Myślę że chodzi o "at one's beck and call."
A więc: She wants me to be at her beck and call.


----------



## radosna

"At one's beck  and call" is exactly what came to my mind immediately.  

I would just adjust it slightly to: She'd like me to be at her every beck and call. (Or: She would like me to be...)
There's not much difference and wolf's version is fine as it is. It just seems a little more common to my ears & perhaps also slightly closer to cantiga's original proposal.


----------



## cantiga

Dziekuje!

I also heart it somewhere but couldn't remember the expression in English.


----------



## dreamlike

*She wants me to be there for her whenever she likes *is another way of saying it, though certainly less common. That said, it's perfectly fine and conveys precisely the same idea, so there...


----------



## LilianaB

No, I think it is different, Dreamlike. This one would mean that a friend or someone close has to be there for someone to more emotionally support the person rather than anything else (it could be both -- physical and mental support, but in a different sense than the original phrase). I think what Cantiga had in mind was more of an employer who would like all of her whims of imagination instantly satisfied: "make me a cup of coffee, post the letters, call twenty clients within the next ten minutes, no, maybe make a tea, or buy me a latte, grab a sandwich on the way" -- just as an example. At least this is how I understood the original phrase.


----------



## Roy776

LilianaB said:


> No, I think it is different, Dreamlike. This one would mean that a friend or someone close has to be there for someone to more emotionally support the person rather than anything else (it could be both -- physical and mental support, but in a different sense than the original phrase). I think what Cantiga had in mind was more of an employer who would like all of her whims of imagination instantly satisfied: "make me a cup of coffee, post the letters, call twenty clients within the next ten minutes, no, maybe make a tea, or buy me a latte, grab a sandwich on the way" -- just as an example. At least this is how I understood the original phrase.

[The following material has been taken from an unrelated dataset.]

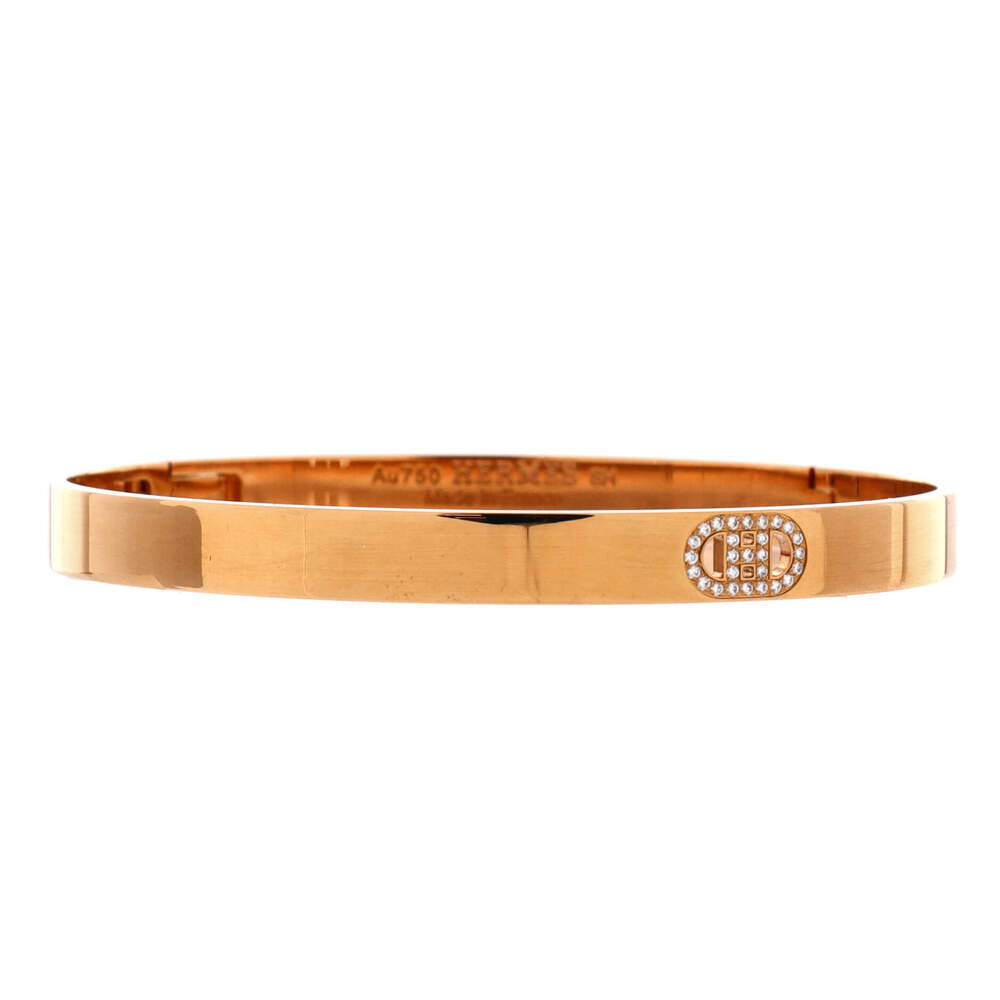 Hermes Small H d'Ancre Bracelet 18K Rose Gold with Diamonds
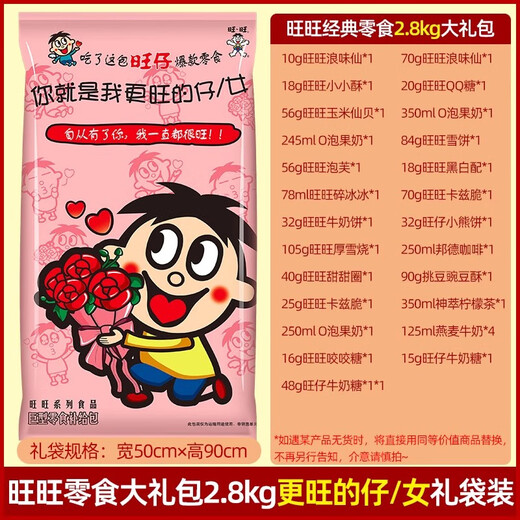 Want Want Want Want Giant Snacks Geschenkpack Kinder lässige Snacks Snacks Geschenke für Freunde Neujahr Geschenke Spring Festival Geschenke Schachtel mit Neujahrsgeschenken Box [3888g] will will 2,8 kg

I agree with dreamlike, Liliana. His version is also just fine, it simply shows a little less annoyance, if you ask me. But as you've rightly noticed, it all depends on the context.


----------



## LilianaB

I would not use it, if someone really annoyed me. I have never heard it used, in fact, in reference to a situation when someone keeps annoying you. It really depends on the context. More information would be really helpful. I am more inclined towards using Radosna's version.


----------



## wolfbm1

Maybe, "She expects me to be there whenever she needs me" is better. I guess it sounds less demanding though. 
I'm not sure if the word "like' fits in dreamlike's sentence.


----------



## Roy776

wolfbm1 said:


> Maybe, "She expects me to be there whenever she needs me" is better. I guess it sounds less demanding though.
> I'm not sure if the word "like' fits in dreamlike's sentence.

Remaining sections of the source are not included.